One funny outcome is that she continues to insist that she's straight, but I'm her exception. Lol! Maybe she's not very binary.


That is amazing. . So, just recently, having been pushed to describe my sexuality, I came to that conclusion that I am that... a bisexual girl more than a bisexual guy (wannabe anyway). I just typed that very thing in the reply to Paula. That hasn't always been clear to me either but I get it now. I am not gay. I don't think my original description in this thread "a wannabe feminized bi-sexual crossdresser" was the best choice of words...lol. I'm just a bi-girl, I like that. My wife will just have to be bi then too...lol.

So, a few things to tell you. Your experience with your wife and especially with that moment yous had has become kind of my fairytale. I keep thinking about Jeanette's retelling my first post back to me as a fairytale. I know she is probably more right than not but your real life experience is a fairytale to me and shows that it can happen, just like I want. I keep imagining what that moment we are both standing in front of the mirror would be like.
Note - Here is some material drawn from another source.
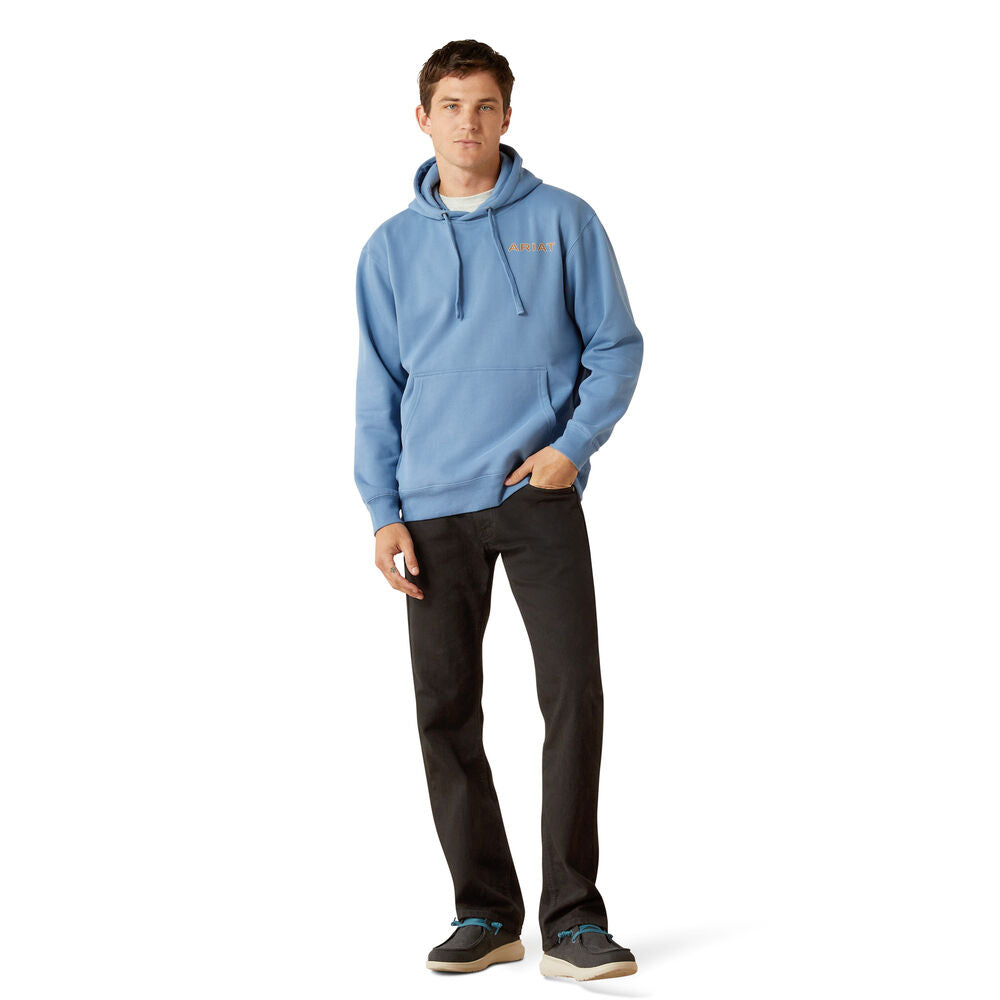 Ariat Mens Sun Valley Circle Hoodie (10062498) Coronet Blue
I imagine that after standing there in stunned silence for a minute we catch each other's eye and she just says, "Hi" like she is looking into my soul for the first time. Anyway, that is the way I would like to think of it happening. I know I mentioned it before but I changed the part that we both have regret. This is a happier ending/beginning.
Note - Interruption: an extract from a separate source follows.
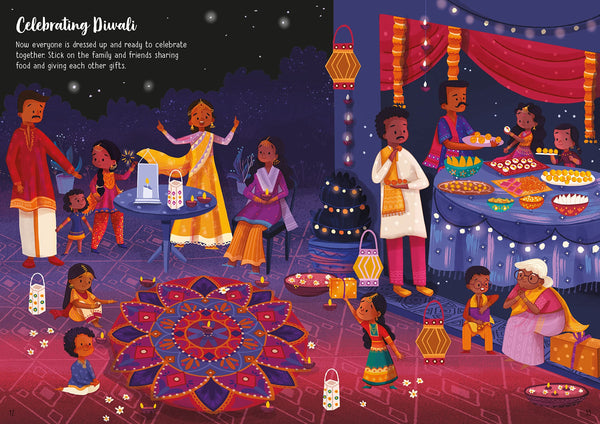 Usborne Little First Stickers : Diwali - Paperback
So, it is so ironic about the LGBT festival. I am actually away for work and was talking to my wife about vacation at the end of June and I said we should see what is going on in St Pete/Clearwater on that weekend. I had NO idea the festival was happening that weekend there when I mentioned the location and dates. Isn't that irony. I brought up the event calendar and I was looking at that online while we were chatting and I think maybe she was too on her end but we didn't discuss it any further. It actually seemed like a moment I should have said something and didn't. Anyway, I think we are going that weekend.
But, maybe even the bigger irony is that you are from Bradenton. I mean, a person I am sharing my soul with online, an ex-military guy whose demographic down to even age matches mine and seems to be describing my life to me in future tense, including a fairytale moment, including relating to the very description of me sexually, who offered to allow me to use your story and help. I mean, I have this window open with all this unanimous advice telling me to just come out to my wife, another chat window with my wife, AND I just, out of the blue, happen to pick and mention to her the place and time of one of the biggest LGBT events out there, AND I throw it out there on this site, AND it's where you live. Like those three browser windows should just merge into one for me. I feel like the irony and coincidence is incredible. Like it is being handed to me.... tell my wife, go to this amazing event where I have an opportunity to come out without being judged or scrutinized, have someone there to help and answer the million questions that we would have and help my wife know that it will workout and be amazing, and oh yea, shop for great new clothes together, party, and have a great time. The thought of this materializing is a incredibly exciting and utterly frightening.

I do want to ask you more about your arrangements with your wife but I will save it for another post since this one got long already.